The Scarlet Letter
Volume III, Number 4 | December 1996
Mysteries Not Pertaining to the Sixth Grade
By Sr. Sulis


Most of us did not grow up as Thelemites. So, it is with interest that I observe the children in our community develop, listening to stories of baby Jacobus cooing "Αγιοσ, Αγιοσ, Αγιοσ" from the cradle, or little Nuit's clever banishings. My eldest is a fairly bright and articulate lad, and has been in the background of many a gathering, rite and ritual. I decided to interview him to see what he has, or has not, picked up. The results are, well, you judge for yourself!
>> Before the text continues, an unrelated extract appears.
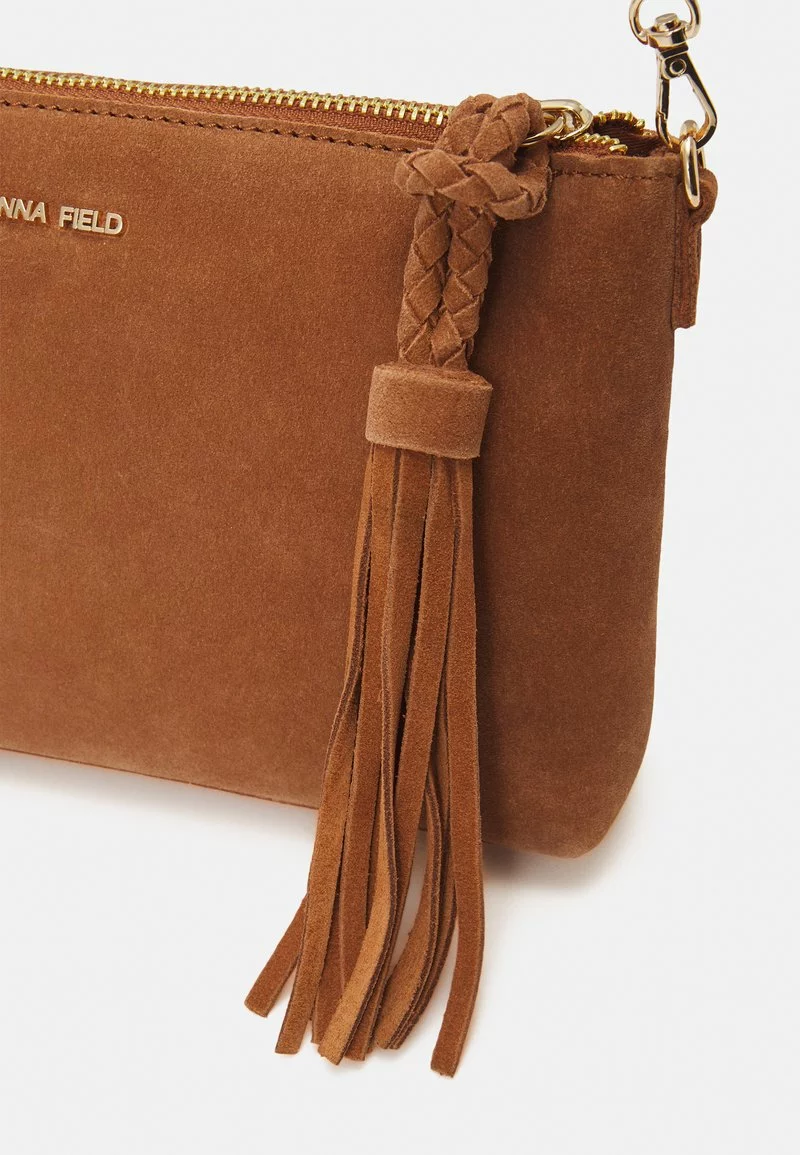 LEATHER - Clutch - cognac Anna Field LEATHER - Clutch - Cognac -Anna Field Geschäft 2c23bef90b7b469cb848cea810c49472
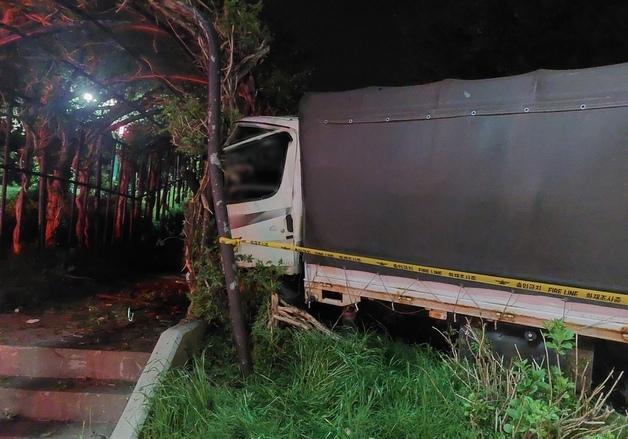 부산 사상구서 차량 4대 추돌 사고…운전자 4명 중·경상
Mom: Do you know what the O.T.O. is?

Sigma: Uh, it's a kind of a church?

Mom: Sort of, although it is the E.G.C. that is the church. The O.T.O. has, ah, magicians.

Sigma: Oh, well, magicians are much cooler.

Mom: Why?

Sigma: Because they do cool pyrotechnical stuff like throwing copper into fires to turn the flames green. I saw them do that Samhain.

Mom: What is The Book of the Law?

Sigma: It is a book written in three parts by Aleister Crowley when he was supposed to be hearing Ra Hoor Khuit.

Mom: Do you think he was hearing Ra Hoor Khuit?

Sigma: I don't know.

Mom: Who is Ra Hoor Khuit?

Sigma: The Egyptian God of War!

Mom: And what did this god tell Crowley?

Sigma: I can't remember exactly. Something about curses and engines of war. Whatever that means; I'm sure it's important.

Mom: What is the Stele of Revealing?

Sigma: An old Egyptian picture.

Mom: Why is it important to Thelemites?

Sigma: Because it is an old Egyptian picture, silly. All old Egyptian pictures are important, at least, that's what I think.

Mom: What do you know about magick?

Sigma: Well, I know they do really cool pyrotechnical things. Ra Hoor Khuit probably rules really cool pyrotechnical stuff.

Mom: Tell me about Will.

Sigma: I hate him.

Mom: Hmmmm... okay, who is Aleister Crowley?

Sigma: He's an old guy.

Mom: What did he do, besides listen to Ra Hoor Khuit?

Sigma: He did old guy stuff. He wrote The Book of the Law.

Mom: Why do we talk about him all the time?

Sigma: Because he wrote a bunch of really cool books.

Mom: Can you name a few?

Sigma: (sneaking a glance at the bookshelf), ah, 777, The Holy Books of Thelema, Book 4. And The Book of the Law.

Mom: Have you read any of those books?

Sigma: Hey, give me a break, I'm only in the sixth grade! Maybe when I get to the seventh grade, I'll read them!

Mom: Okay, Okay! Back to Crowley, was he a magician?

Sigma: I think so.

Mom: Do you think he did really cool pyrotechnical stuff'?

Sigma: No, he wasn't cool. He was old.

Mom: What do you think about the Gnostic Mass.

Sigma: Um, it's rated X! I don't really know what to think about it. I don't think I should criticize people, and besides, I don't know what's good and what's bad because I've never seen any other kind of Mass, just banishings and stuff. Once I got to help.

Mom: What are initiations?

Sigma: I don't know! No one will tell me! Maybe if I get one of those engines of war...what are those for real?

Mom: I can't comment on that, I'd be a Center of Pestilence!

Sigma: My Mom, a Center of Pessimist? Does that mean you're a bad influence?

Mom: I think, Sigma dear, it's time for you to go to bed!